§ **DATA FOR REVIEW**:
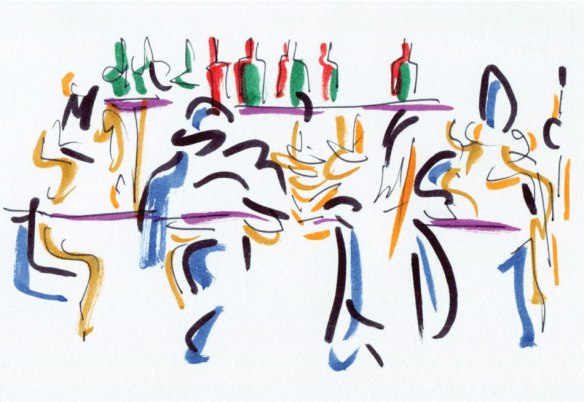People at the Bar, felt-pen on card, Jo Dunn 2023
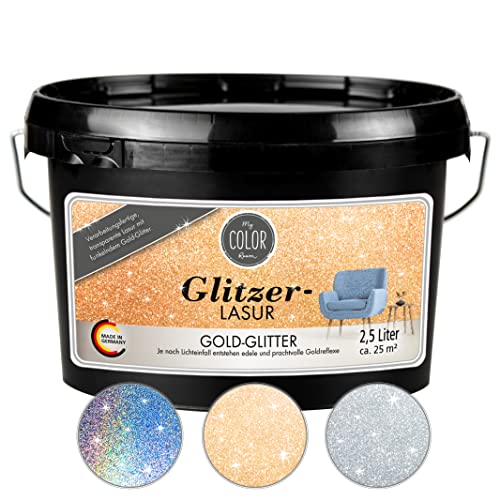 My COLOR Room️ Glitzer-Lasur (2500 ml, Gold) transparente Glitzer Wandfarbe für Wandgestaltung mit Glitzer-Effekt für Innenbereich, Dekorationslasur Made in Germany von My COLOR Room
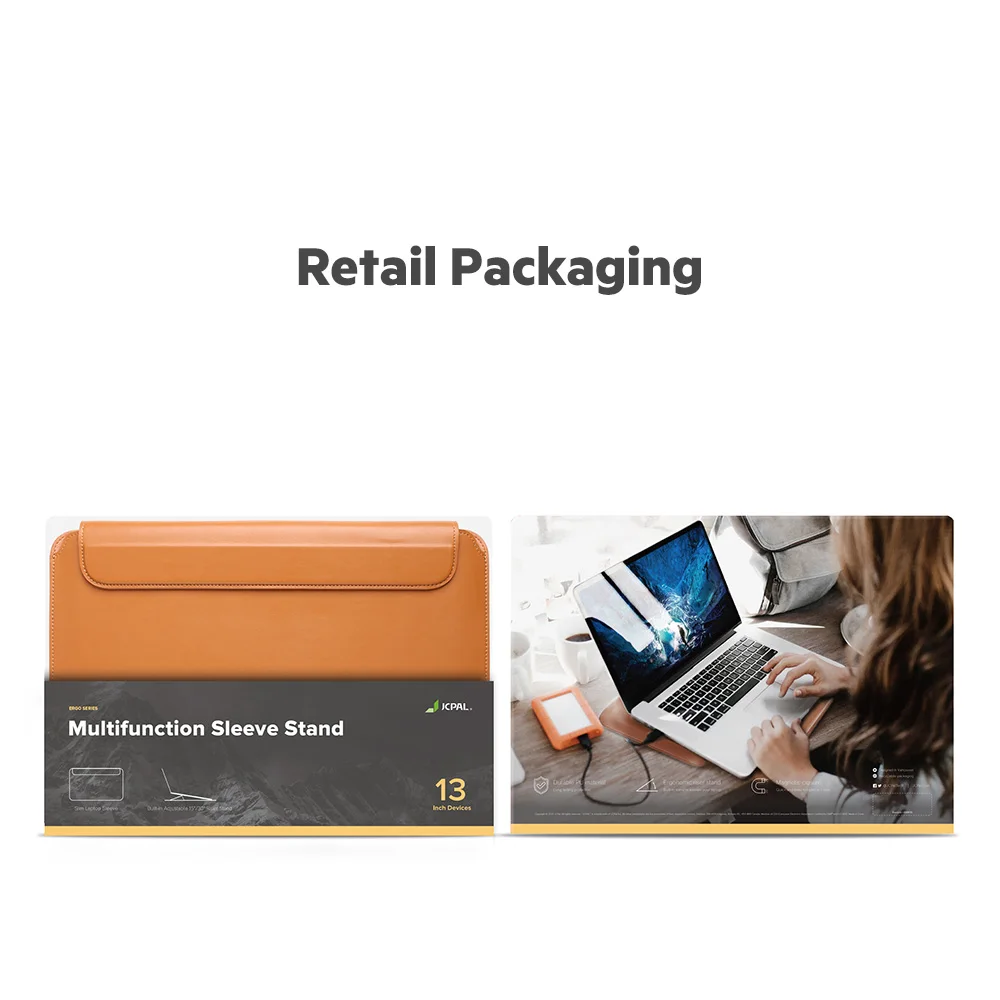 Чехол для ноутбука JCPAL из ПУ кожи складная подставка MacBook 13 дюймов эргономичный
* * *
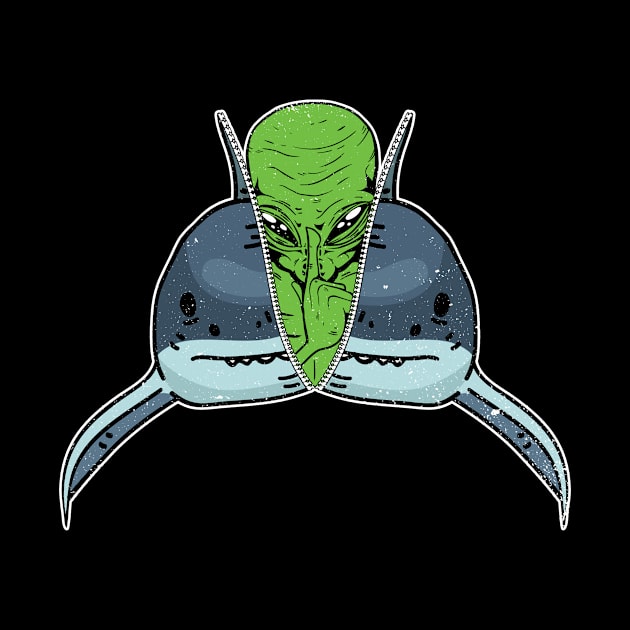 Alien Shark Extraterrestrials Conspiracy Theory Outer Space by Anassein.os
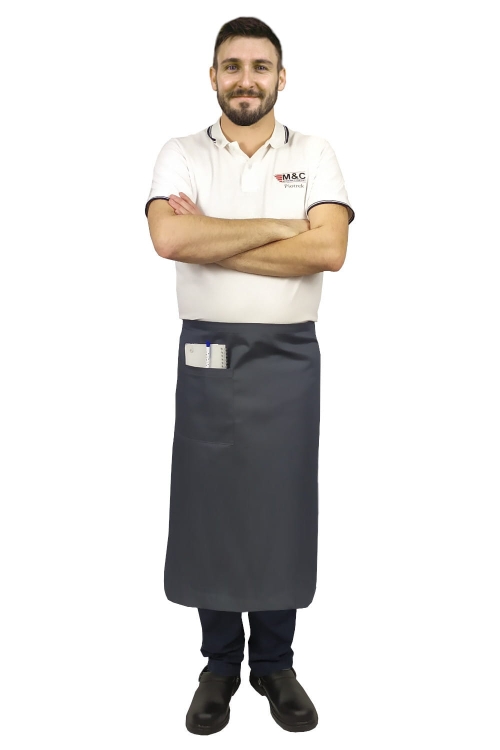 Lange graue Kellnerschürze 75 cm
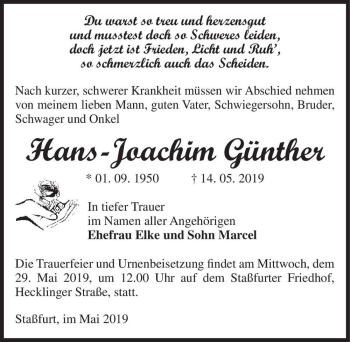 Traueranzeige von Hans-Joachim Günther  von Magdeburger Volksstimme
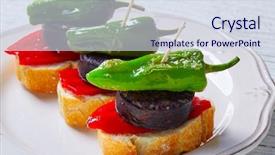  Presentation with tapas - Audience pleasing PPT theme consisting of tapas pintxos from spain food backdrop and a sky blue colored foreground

§ **ACTIVITY**: Start with the line with "Lange graue Kellnerschürze 75 cm" in the listing above and stop after the line with "Presentation with tapas". Write out exactly the lines in that stretch and no others, without pictures.

§ **RESULT**:
 Lange graue Kellnerschürze 75 cm
 Traueranzeige von Hans-Joachim Günther  von Magdeburger Volksstimme
  Presentation with tapas - Audience pleasing PPT theme consisting of tapas pintxos from spain food backdrop and a sky blue colored foreground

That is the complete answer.